**Exercise description**
Check every line of the data below for the string "Live", and copy the ones that hold it.

**Excerpted data**
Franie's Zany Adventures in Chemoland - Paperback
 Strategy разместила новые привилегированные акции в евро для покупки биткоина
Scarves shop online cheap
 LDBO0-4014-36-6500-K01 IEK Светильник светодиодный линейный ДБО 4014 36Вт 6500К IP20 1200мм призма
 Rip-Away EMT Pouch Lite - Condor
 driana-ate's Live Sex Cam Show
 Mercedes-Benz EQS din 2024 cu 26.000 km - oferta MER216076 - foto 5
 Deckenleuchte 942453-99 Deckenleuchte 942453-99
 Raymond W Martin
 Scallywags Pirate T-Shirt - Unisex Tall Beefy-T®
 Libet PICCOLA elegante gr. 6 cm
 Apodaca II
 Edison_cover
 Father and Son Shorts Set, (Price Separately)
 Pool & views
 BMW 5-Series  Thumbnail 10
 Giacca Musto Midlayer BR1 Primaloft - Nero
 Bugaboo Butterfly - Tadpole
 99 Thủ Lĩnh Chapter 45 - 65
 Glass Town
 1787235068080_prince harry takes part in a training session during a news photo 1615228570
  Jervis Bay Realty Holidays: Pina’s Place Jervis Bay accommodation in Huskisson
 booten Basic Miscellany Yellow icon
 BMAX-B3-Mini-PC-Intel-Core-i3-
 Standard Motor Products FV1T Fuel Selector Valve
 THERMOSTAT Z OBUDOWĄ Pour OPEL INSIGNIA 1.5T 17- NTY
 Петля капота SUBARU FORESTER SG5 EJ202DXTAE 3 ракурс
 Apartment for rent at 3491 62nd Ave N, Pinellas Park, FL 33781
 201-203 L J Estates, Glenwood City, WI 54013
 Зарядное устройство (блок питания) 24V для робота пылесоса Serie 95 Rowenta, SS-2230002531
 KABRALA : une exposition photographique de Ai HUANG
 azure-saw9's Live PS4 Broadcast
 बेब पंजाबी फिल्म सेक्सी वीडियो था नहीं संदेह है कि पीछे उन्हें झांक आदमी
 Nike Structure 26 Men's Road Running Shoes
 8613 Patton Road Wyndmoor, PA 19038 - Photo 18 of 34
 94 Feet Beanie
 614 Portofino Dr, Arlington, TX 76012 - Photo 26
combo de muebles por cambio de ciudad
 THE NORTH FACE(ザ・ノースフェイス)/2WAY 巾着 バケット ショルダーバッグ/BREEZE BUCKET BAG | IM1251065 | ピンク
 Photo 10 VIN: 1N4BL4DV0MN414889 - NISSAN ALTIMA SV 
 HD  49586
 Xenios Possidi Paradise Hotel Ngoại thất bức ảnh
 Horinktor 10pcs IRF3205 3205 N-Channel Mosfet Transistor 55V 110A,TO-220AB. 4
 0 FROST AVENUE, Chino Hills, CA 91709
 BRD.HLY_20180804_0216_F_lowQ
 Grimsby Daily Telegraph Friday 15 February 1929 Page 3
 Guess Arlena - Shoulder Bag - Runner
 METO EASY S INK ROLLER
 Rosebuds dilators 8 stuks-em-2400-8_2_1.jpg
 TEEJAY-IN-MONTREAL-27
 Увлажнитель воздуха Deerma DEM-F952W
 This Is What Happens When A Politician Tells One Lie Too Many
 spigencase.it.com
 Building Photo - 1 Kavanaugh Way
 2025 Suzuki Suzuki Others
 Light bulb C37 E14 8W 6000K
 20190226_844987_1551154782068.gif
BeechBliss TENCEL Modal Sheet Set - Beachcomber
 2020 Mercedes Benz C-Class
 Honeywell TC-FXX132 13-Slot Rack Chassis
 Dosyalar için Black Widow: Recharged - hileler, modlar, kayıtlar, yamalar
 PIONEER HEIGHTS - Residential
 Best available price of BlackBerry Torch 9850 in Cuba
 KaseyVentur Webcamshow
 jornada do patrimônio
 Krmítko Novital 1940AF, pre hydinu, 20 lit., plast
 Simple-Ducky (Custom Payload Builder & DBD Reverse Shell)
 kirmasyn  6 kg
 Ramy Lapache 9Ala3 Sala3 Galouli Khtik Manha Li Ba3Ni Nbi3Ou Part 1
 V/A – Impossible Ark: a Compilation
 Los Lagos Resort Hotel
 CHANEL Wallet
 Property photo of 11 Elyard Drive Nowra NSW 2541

**Written reply**
 driana-ate's Live Sex Cam Show
 azure-saw9's Live PS4 Broadcast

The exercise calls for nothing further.